◆ YOUR ASSIGNMENT ◆
Please repeat every record exactly, leaving out any pictures.

◆ DATA RECORDS ◆
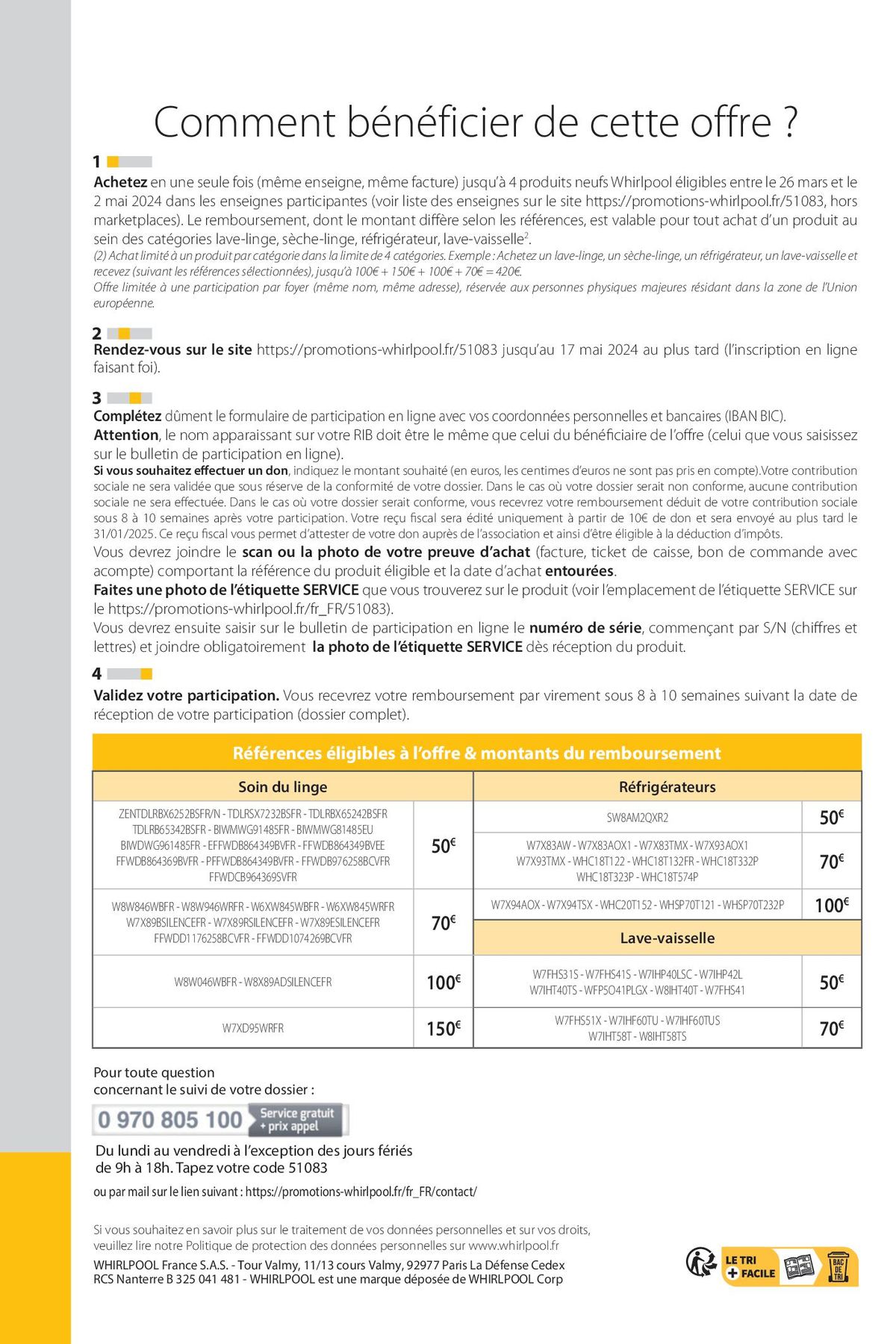 Catalogue OFFRE WHIRLPOOL: JUSQU'À 150€ REMBOURSÉS !, page 00002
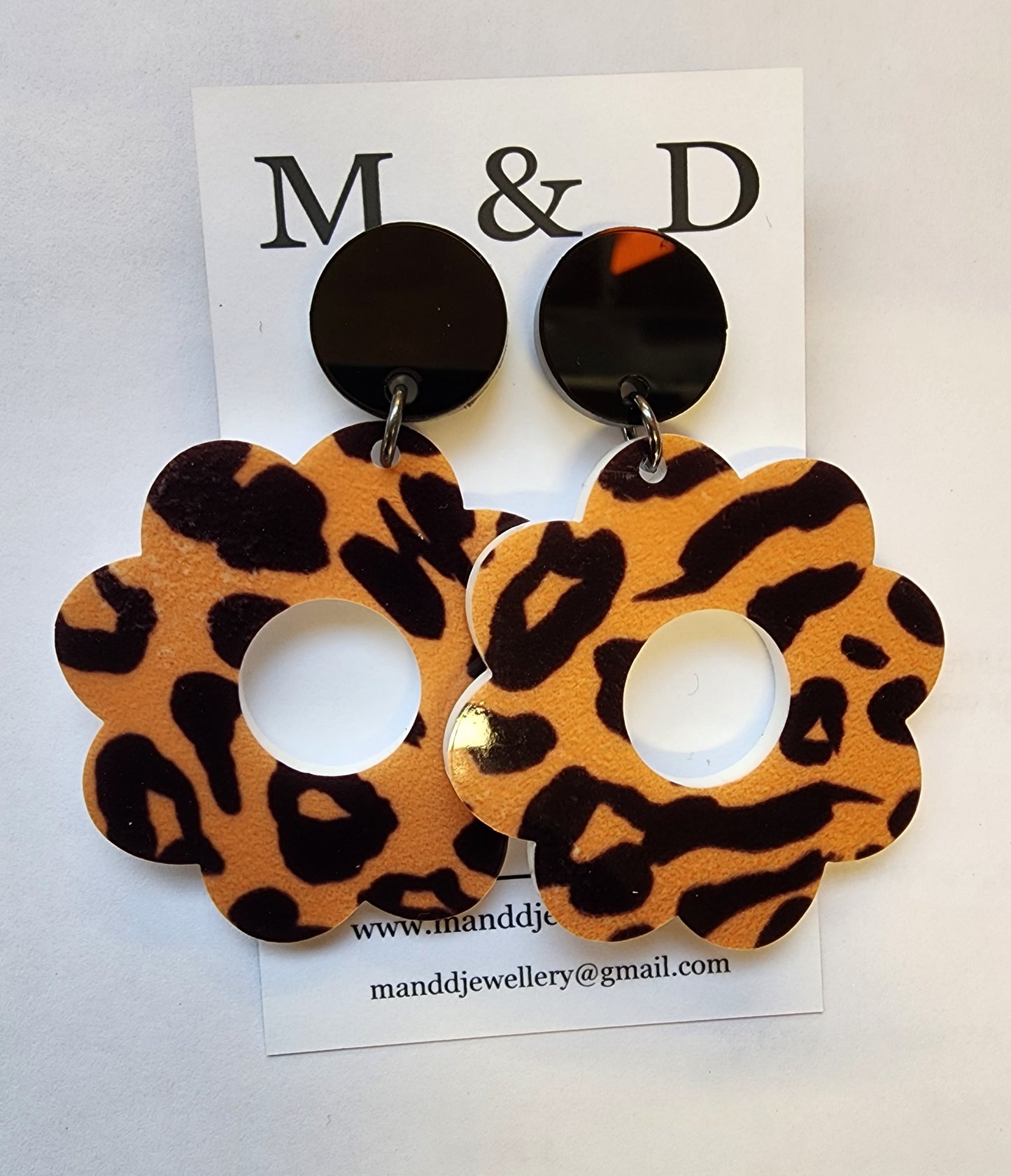 Patterned Animal flower power stud dangle earrings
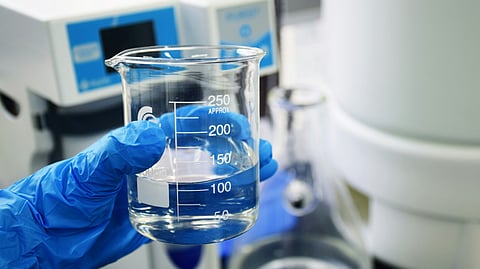 Purified water in a beaker 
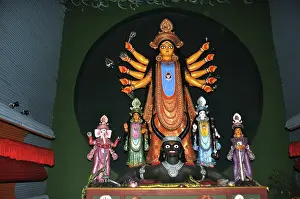 Statue of goddess durga killing mahishasura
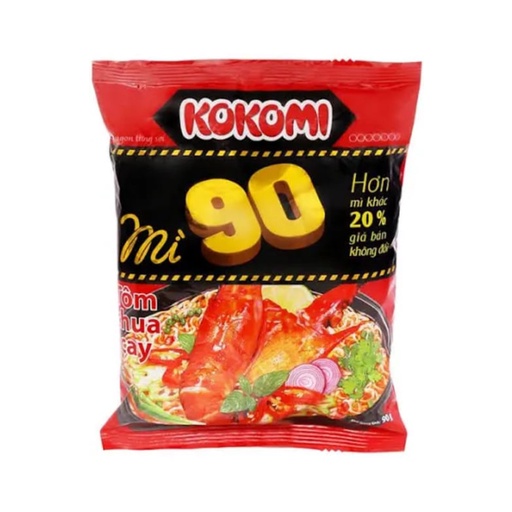 Thùng 30 gói mì Kokomi 90 tôm chua cay 90g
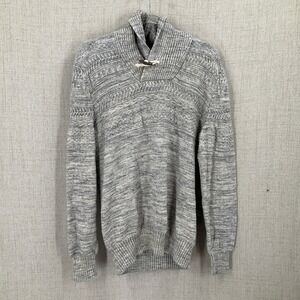 H&M L.O.G.G. Shawl Collar Sweater Mens Large Grey Cotton Toggle Knit Pullover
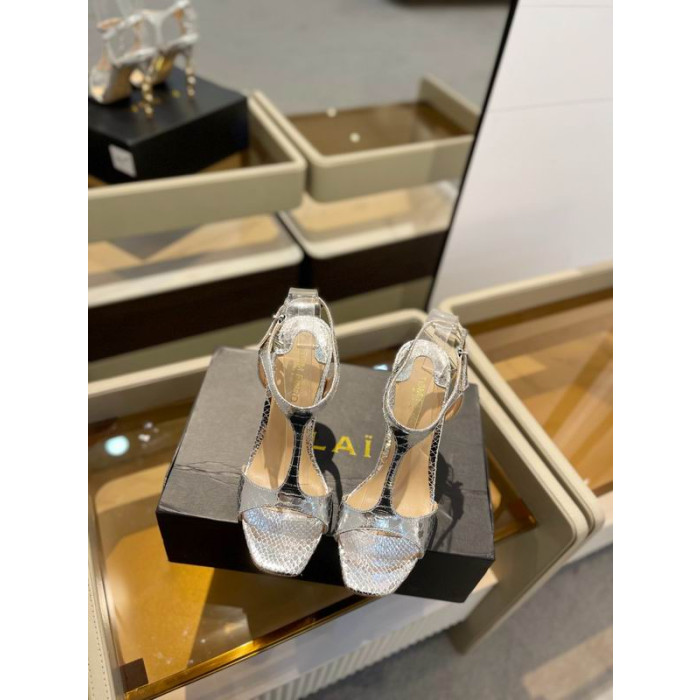 Tom Ford 10,5 cm Orm-Effekt Guld Kedja Angelina Sandal I Silver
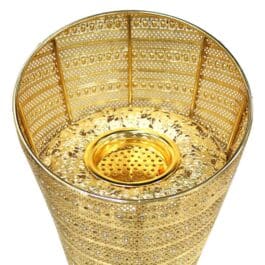 Bakhoor BoSidin – Large Size Bukhoor Incense Burner 100 cm tall Floor-Standing Oud Holder Charcoal Censer Gold- 854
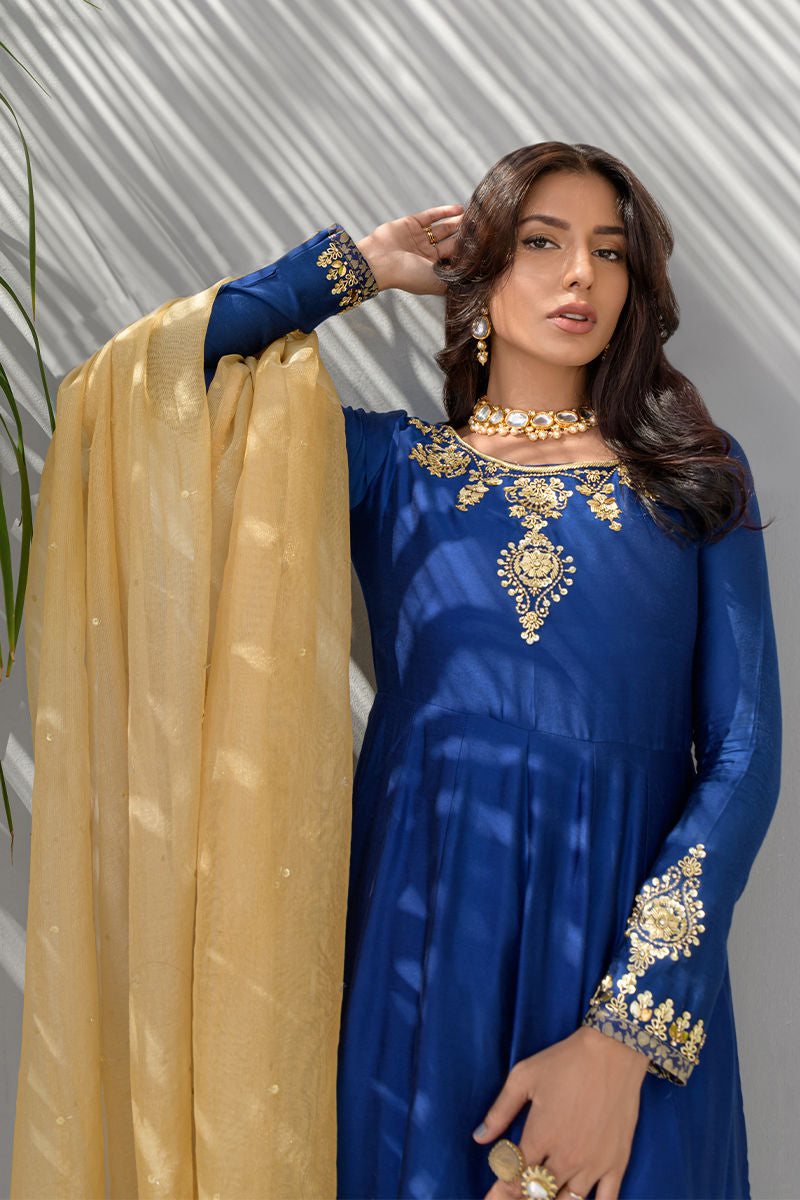 Fatima Khan | Luxury Pret 24 | COBALT BLUE PISHWAS - Official Fatima Khan stockist in UK - Sakeena London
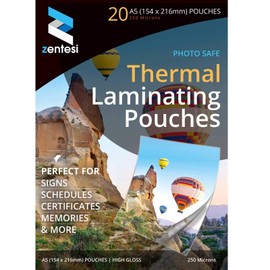 Zentesi A5 Laminating Pouches High Gloss Laminator Sleeves 250 Micron (125 + 125 Microns) Glossy Laminate Pouch Sheets - Pack of 20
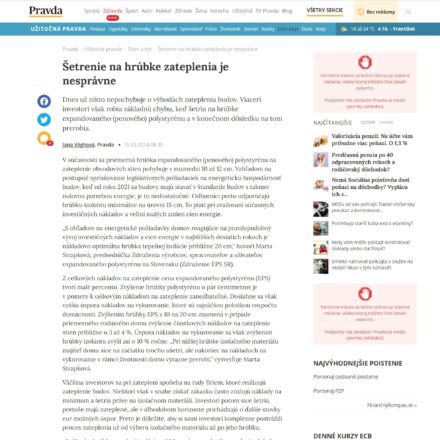 www.byvanie.pravda.sk 03/2014: Šetrenie na hrúbke zateplenia je nesprávne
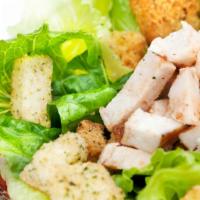 Caesar Salad with Chicken · Fresh green salad prepared with Grilled chicken, croutons, cheese, and caesar dressing.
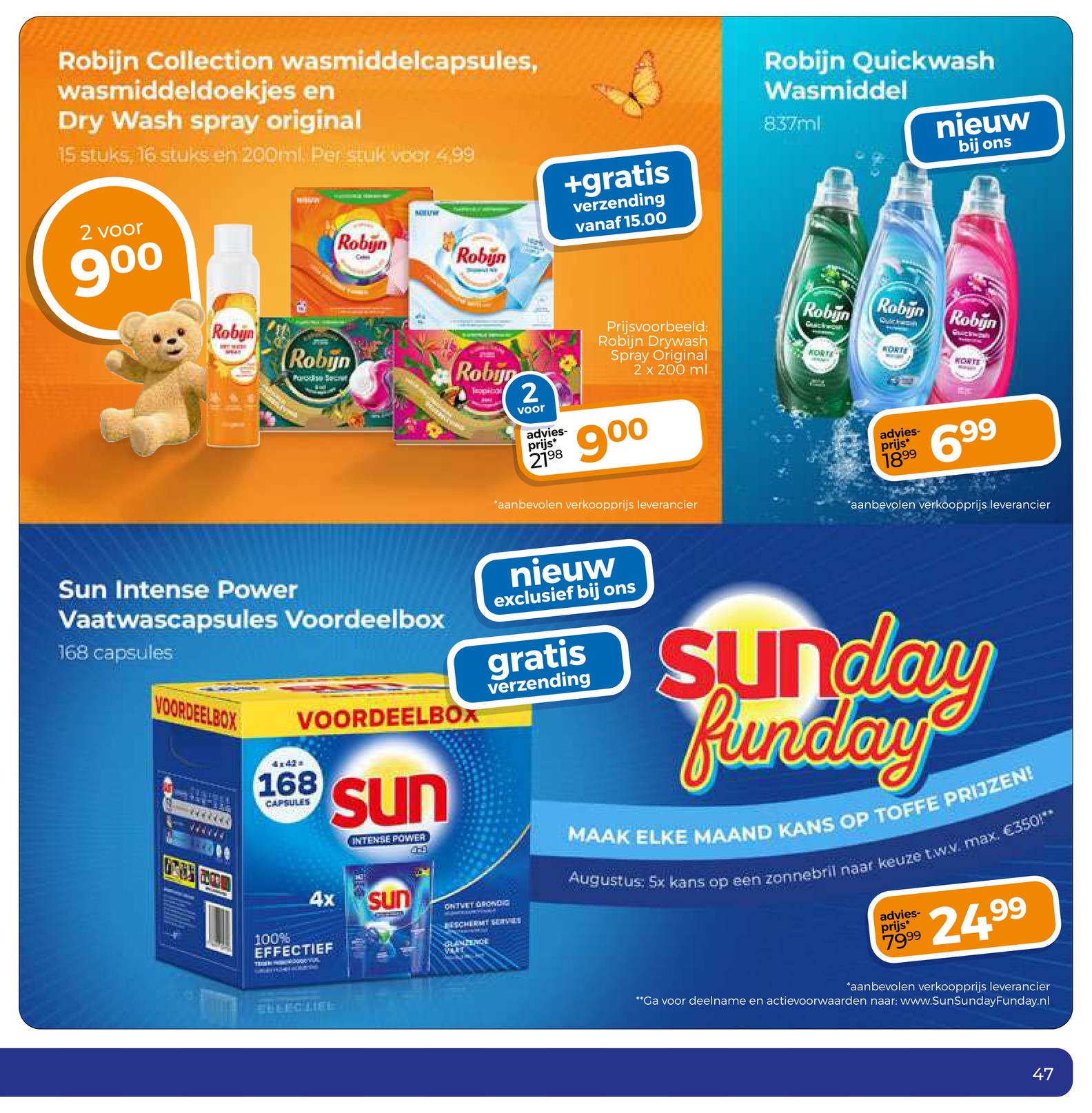 Robijn Quickwash Wasmiddel, gemarkeerd op pagina 55 van de Trekpleister folder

◆ OUTPUT BELOW ◆
 Catalogue OFFRE WHIRLPOOL: JUSQU'À 150€ REMBOURSÉS !, page 00002
 Patterned Animal flower power stud dangle earrings
 Purified water in a beaker 
 Statue of goddess durga killing mahishasura
 Thùng 30 gói mì Kokomi 90 tôm chua cay 90g
 H&M L.O.G.G. Shawl Collar Sweater Mens Large Grey Cotton Toggle Knit Pullover
 Tom Ford 10,5 cm Orm-Effekt Guld Kedja Angelina Sandal I Silver
 Bakhoor BoSidin – Large Size Bukhoor Incense Burner 100 cm tall Floor-Standing Oud Holder Charcoal Censer Gold- 854
 Fatima Khan | Luxury Pret 24 | COBALT BLUE PISHWAS - Official Fatima Khan stockist in UK - Sakeena London
 Zentesi A5 Laminating Pouches High Gloss Laminator Sleeves 250 Micron (125 + 125 Microns) Glossy Laminate Pouch Sheets - Pack of 20
 www.byvanie.pravda.sk 03/2014: Šetrenie na hrúbke zateplenia je nesprávne
 Caesar Salad with Chicken · Fresh green salad prepared with Grilled chicken, croutons, cheese, and caesar dressing.
 Robijn Quickwash Wasmiddel, gemarkeerd op pagina 55 van de Trekpleister folder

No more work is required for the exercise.